Students’ advancement through the tutor curriculum is based on their mastery of the skills
involved in the pedagogical unit they are working on. If a student does not master all the skills in
a unit, they cannot advance to the next lesson on their own; however, a teacher may intervene and
skip them ahead.
1.3 Format of the datasets
The datasets all contained the same features and the same format. Each row in a dataset
corresponded to one response from a student on a problem step. Each row had 18 features plus
the target, which was “correct on first attempt”. Among the features were; unit, problem, step and
skill. The skill column specified which math skill or skills were associated with the problem step
that the student attempted. A skill was associated with a step by Cognitive tutor subject matter
experts. In the development datasets there were around 400 skills and around 1,000 in the
competition datasets. The Algebra competition set had two extra skill association features and the
Bridge to Algebra set had one extra. These were alternative associations of skills to steps using a
different bank of skill names (further details were not disclosed).

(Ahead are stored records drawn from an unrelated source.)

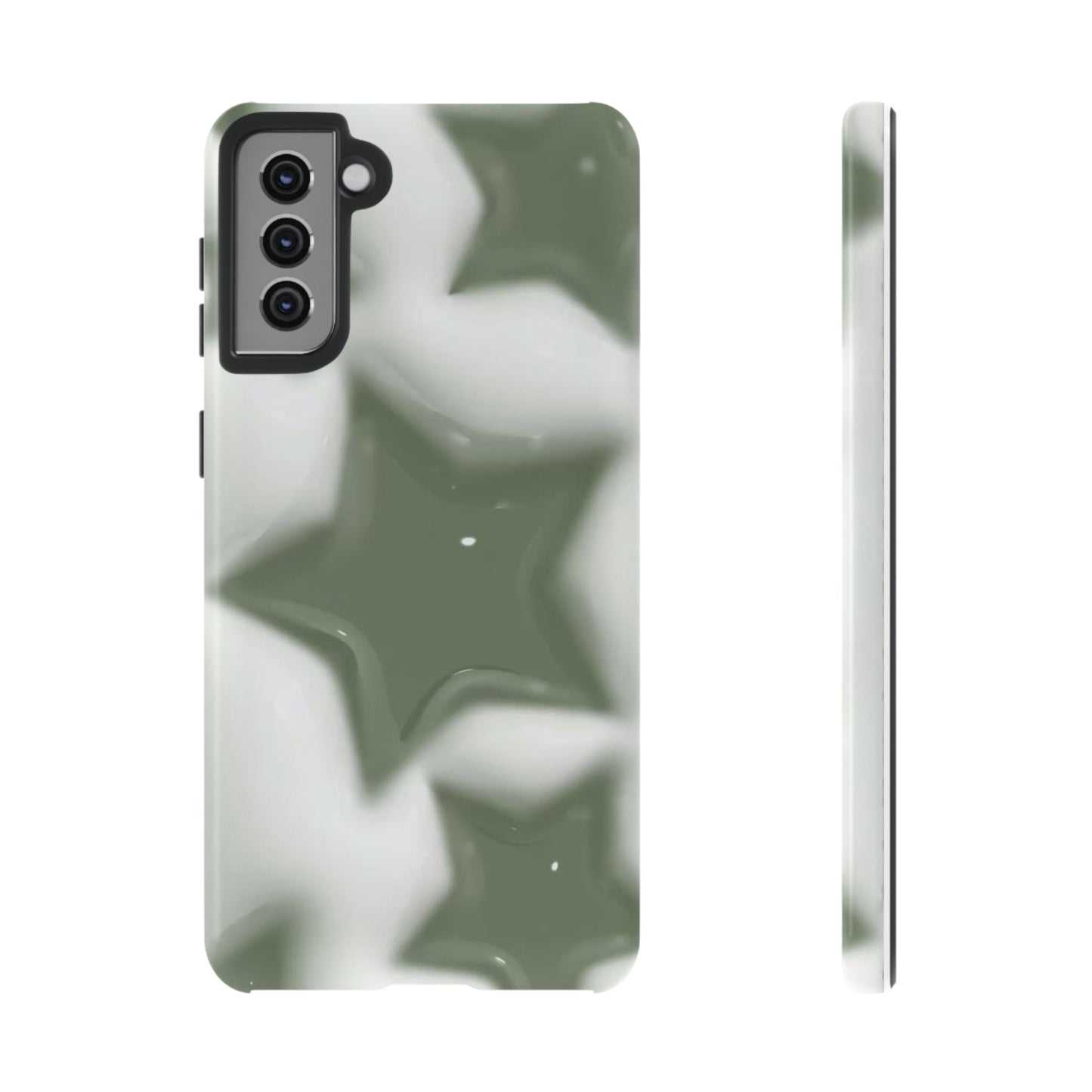 Star Jelly iPhone Case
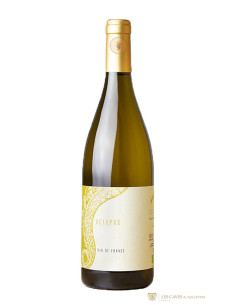 Vallée de la Loire, Vin de France, Domaine de l’Austral, Plein Nord, 2022, Blanc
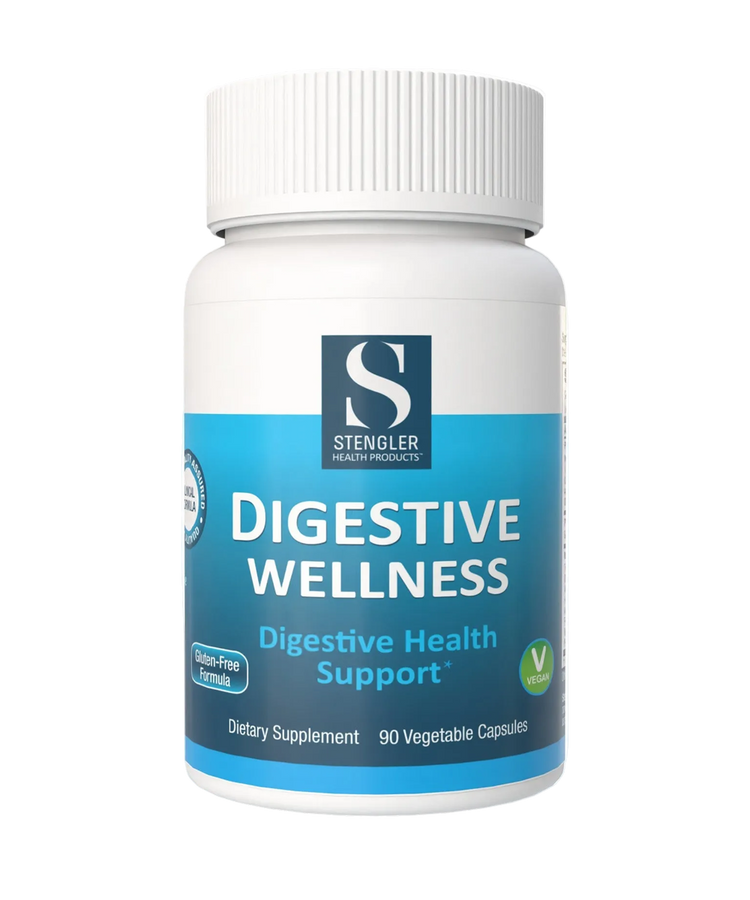 Digestive Wellness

The predictive power of these
skill associations was an important component of our HMM approach.
Figure 1. The test set creation processes as illustrated by the organizers
Using HMMs and bagged decision trees to leverage rich features of user and skill
3
The organizers created the competition training and test datasets by iterating through all the
students in their master dataset and for each student and each unit the student completed,
selecting an arbitrary problem in that unit and placing into the test set all the student’s rows in
that problem. All the student’s rows in that unit prior to the test set problem were placed in the
training set. The rows following the selected problem were discarded. This process is illustrated
in Figure 1 (compliments of the competition website).
1.4 Missing data in the test sets
Seven columns in the training sets were intentionally omitted from the test sets. These columns
either involved time, such as timestamp and step duration or information about performance on
the question, such as hints requested or number of incorrect attempts at answering the step.
Competition organizers explained that these features were omitted from the test set because they
made the prediction task too easy. In internal analysis we confirmed that step duration was very
predictive of an incorrect or correct response and that the value of the hints and incorrects column
completely determined the value of the target, “correct on first attempt”. This is because the tutor
marks the student as answering incorrect on first attempt if they receive help on the question,
denoted by a hint value of greater than 0. The incorrects value specified how many times the
student answered the step incorrectly.
In the development datasets, valuable information about chronology of the steps in the test
rows with respect to the training rows could be determined by the row ID column; however, in
the challenge set the row ID of the test rows was reset to 1. The test row chronology was
therefore inferred based on the unit in which the student answered problem steps in. A student’s
rows for a given unit in the test set were assumed to come directly after their rows for that unit in
the training set. While there may have been exceptions, this was a safe assumption to make given
the organizers description of how the test rows were selected, as described in section 1.3.
2 Data preparation
The first step to being able to work with the dataset was to convert the categorical, alphanumeric
fields of the columns into numeric values. This was done using perl to hash text values such as
anonymized usernames and skill names into integer values. The timestamp field was converted to
epoc and the problem hierarchy field was parsed into separate unit and section values. Rows were
divided out into separate files based on skill and user for training with the Bayes Nets.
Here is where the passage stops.